The Jackson 5 singles chronology
| "Get It Together" (1973) | "Dancing Machine" (1974) | "Whatever You Got I Want" (1974) |

= Dancing Machine =

1974 single by the Jackson 5

"Dancing Machine" is a song recorded by American R&B group the Jackson 5; it was the title track of their ninth studio album. The song was originally recorded for the group's 1973 album G.I.T.: Get It Together and was released as a remix.

==Background==
The song, which reportedly sold over three million copies, popularized the physically complicated robot dance technique, devised by Charles Washington in the late 1960s. Michael Jackson first performed the dance on television while singing "Dancing Machine" with the Jackson 5 on a Bob Hope special that aired September 26, 1973, but the cameraman cut away from Michael as he did the dance. A month later, on an episode of Soul Train on October 27, 1973 Michael again did the Robot dance and this time it was fully caught on camera. It was the group's first US top ten hit since 1971's "Sugar Daddy". "Dancing Machine" brought the Jackson 5 their second Grammy Award nomination in 1975 for Best R&B Performance by a Duo or Group with Vocals, losing to Rufus and Chaka Khan's "Tell Me Something Good".

==Personnel==
- Lead vocals by Michael Jackson and Jermaine Jackson
- Background vocals by Michael Jackson, Jermaine Jackson, Tito Jackson, Jackie Jackson and Marlon Jackson
- Instrumentation by Los Angeles area session musicians:
  - Bass by Chuck Rainey
  - Guitars by Dean Parks, David T. Walker and Arthur Wright
  - Drums by James Gadson
  - Percussion by Bobbye Hall
  - Keyboards by Joe Sample
- Produced by Hal Davis
- Arranged by Arthur Wright

==Charts==
In Canada, "Dancing Machine" went to No. 2 on the RPM 100. In the United States, it hit No. 1 on Cash Box and reached No. 2 on the Billboard Hot 100, behind "The Streak" by Ray Stevens. In addition, it hit No. 1 on the R&B charts. Billboard ranked it as the No. 5 song for 1974.

| Chart (1974) | Peak position |
|---|---|
| Canada RPM | 2 |
| U.S. Billboard Hot 100 | 2 |
| U.S. Billboard Hot Soul Singles | 1 |

===All-time charts===

| Chart (1958–2018) | Position |
|---|---|
| US Billboard Hot 100 | 374 |

==Certifications==

| Region | Certification | Certified units/sales |
|---|---|---|
| United States (RIAA) | Gold | 2,000,000 |

== Samples and cover versions==
"Dancing Machine" was most notably sampled by MC Hammer, on his 1990 album Please Hammer Don't Hurt 'Em, for "Dancin' Machine". It was also sampled again in 1990 by Vanilla Ice on the album To the Extreme, later by Too $hort (featuring Bun B) on the song "Shout It Out" and by Q-Tip on the 2008 album The Renaissance for "Move". Yung Wun sampled it for "Tear It Up" on his album The Dirtiest Thirstiest, in which the sample was uncredited and is taken directly from the film Drumline, when the marching band performed it in medley.
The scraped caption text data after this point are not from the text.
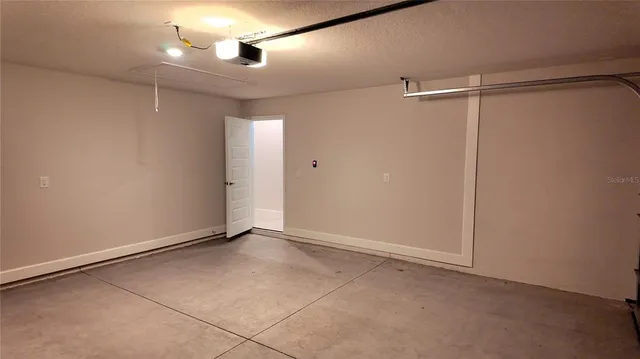 a front view of a house with garage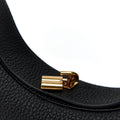 Black textured leather Luna Bag with gold Songmont logo closure.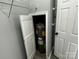 Water heater in a small closet next to storage shelves with an adjacent white paneled door at 5458 Foxcroft Dr, Fort Lawn, SC 29714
Additionally, the song was covered by Roni Griffith in 1984. Another alternate remix version was released on The Original Soul of Michael Jackson in 1987. It was remixed with extra vocals and many overdubbed instruments, giving it an 80's pop feel rather than a mid 70's disco feel. Paula Abdul covered the song in 1997 as an unreleased demo. It was also covered by Suburban Legends on their Japan-only EP, Dance Like Nobody's Watching: Tokyo Nights. A longer alternate version (4:25) appears on the I Want You Back! Unreleased Masters compilation released in 2009. A remix by Polow da Don was featured in a commercial for Svedka. This version was later released on the 2009 album The Remix Suite, along with three other versions of the song, by Dave Audé, Paul Oakenfold and Steve Aoki. In D-TV, it was set to the Dance of the Hours segment from Fantasia. Justin Timberlake interpolated part of the song (watch her get down, watch her get down) for the song "Murder" on his 2013 album The 20/20 Experience – 2 of 2. The song was reworked and covered by English singer Laura Mvula in 2017, with the song produced by Naughty Boy.